Osho : There is a story which I like very much of two fakirs: The two fakirs, the old guru and the young disciple, were returning to their hut in Japan for the rainy season. For eight months of the year they traveled from village to village singing the praises of the Lord, but in the rainy season they returned to their hut. When they reached the bank of the lake where the hut stood, they found the roof fallen to the ground by a violent storm that had struck just the night before. It was not only a very small hut, but on top of that, half the roof was on the ground.

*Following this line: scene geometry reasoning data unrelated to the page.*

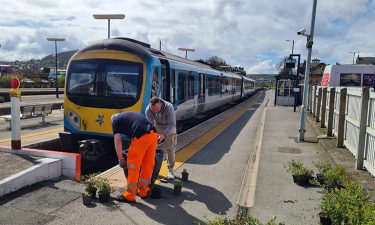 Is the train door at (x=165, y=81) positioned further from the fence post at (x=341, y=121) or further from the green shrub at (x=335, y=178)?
the green shrub at (x=335, y=178)

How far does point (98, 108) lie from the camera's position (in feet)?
30.4

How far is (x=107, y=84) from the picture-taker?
30.6ft

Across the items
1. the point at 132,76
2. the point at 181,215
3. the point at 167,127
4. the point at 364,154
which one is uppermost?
the point at 132,76

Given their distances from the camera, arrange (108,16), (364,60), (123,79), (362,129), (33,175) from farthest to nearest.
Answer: (364,60) → (108,16) → (123,79) → (362,129) → (33,175)

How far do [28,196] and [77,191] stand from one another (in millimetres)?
767

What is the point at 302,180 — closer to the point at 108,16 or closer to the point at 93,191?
the point at 93,191

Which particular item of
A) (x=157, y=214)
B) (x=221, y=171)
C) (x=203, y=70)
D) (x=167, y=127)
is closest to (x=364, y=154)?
(x=221, y=171)

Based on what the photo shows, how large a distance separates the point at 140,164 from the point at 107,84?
12.8 ft

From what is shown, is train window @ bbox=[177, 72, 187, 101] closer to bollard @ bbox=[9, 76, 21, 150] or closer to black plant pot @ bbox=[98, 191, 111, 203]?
bollard @ bbox=[9, 76, 21, 150]

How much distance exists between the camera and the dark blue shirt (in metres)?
5.87

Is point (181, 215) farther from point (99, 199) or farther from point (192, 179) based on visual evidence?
point (192, 179)

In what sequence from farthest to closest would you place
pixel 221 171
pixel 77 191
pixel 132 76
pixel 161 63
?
pixel 161 63 → pixel 132 76 → pixel 221 171 → pixel 77 191

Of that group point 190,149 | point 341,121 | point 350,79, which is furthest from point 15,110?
point 350,79

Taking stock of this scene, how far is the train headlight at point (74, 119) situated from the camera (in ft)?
31.1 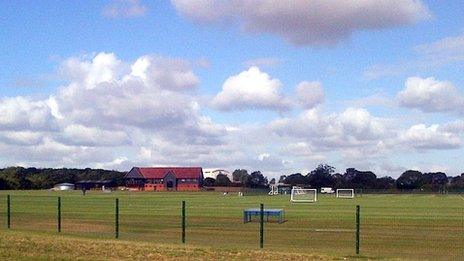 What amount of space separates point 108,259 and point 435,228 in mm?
20348

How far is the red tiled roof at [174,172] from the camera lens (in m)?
179

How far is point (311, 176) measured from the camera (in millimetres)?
192500

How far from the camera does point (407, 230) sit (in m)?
33.4

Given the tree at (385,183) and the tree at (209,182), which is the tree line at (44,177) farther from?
the tree at (385,183)

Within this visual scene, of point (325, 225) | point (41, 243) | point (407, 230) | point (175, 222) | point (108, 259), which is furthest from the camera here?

There were ominous clouds in the sky and darkness all around. Nothing could be done for they were far away from any other habitation. The younger sannyasin couldn’t contain himself. ”Look at this. We kill ourselves singing His glories and this is how we are rewarded. What use is all that prayer and worship? What do we get in return? Rich sinners are lying blissfully in their mansions while the gale has carried away the roof of two poor fakirs. The storm is also His.” Having given vent to all his rage, he turned to the guru and what did he see?
There knelt the guru with folded hands looking up at the sky, his eyes filled with tears of joy and supreme contentment. He was singing, ”Oh Lord, Your compassion knows no bounds. The tempest could have blown the whole roof away and you must have stopped it half-way for us. Only You can be so thoughtful.” Then they both entered the hut. Though they seem to enter the same hut, they are different people: one is contented, the other dis-contented. They both slept. The younger fakir kept tossing and turning, grumbling and worrying about the rain, constantly complaining and filled with anger.

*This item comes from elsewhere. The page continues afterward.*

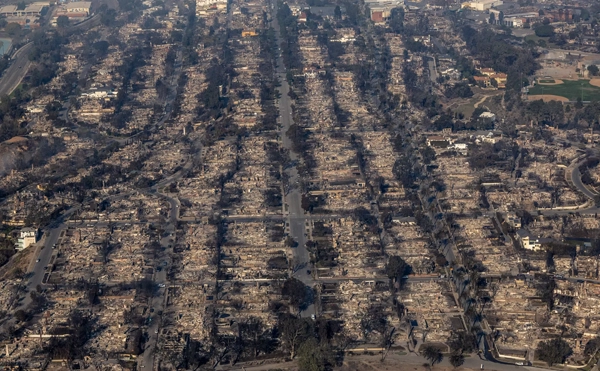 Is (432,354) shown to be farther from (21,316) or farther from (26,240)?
(26,240)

But the guru slept very soundly. When he got up at 4 a.m. he wrote a song. He could see the moon above through the half-open roof. He said in his song, ”Oh Lord, had we known before, we would not have troubled Your tempest to rip off half the roof. We would have done it ourselves. We have been so foolish, but now we can see the wonderful work of the storm; we can watch the moon over the hut! How close is Your sky, and we shut it off with a roof! Your moon came and went so many times and we remained behind a roof. We did not know, please forgive us! Had we known we wouldn’t have put the storm to so much trouble.”
A man who can sing like this under the most direct circumstances is truly a contented person. But he who becomes contented out of helplessness follows the path of impotent and vigorless people; if only they could find contentment before having to lose everything then they wouldn’t have to lose anything; for you cannot steal anything from a contented man. You may take away his belongings but not his contentment. His inner equilibrium cannot be disturbed. His true possessions are all within.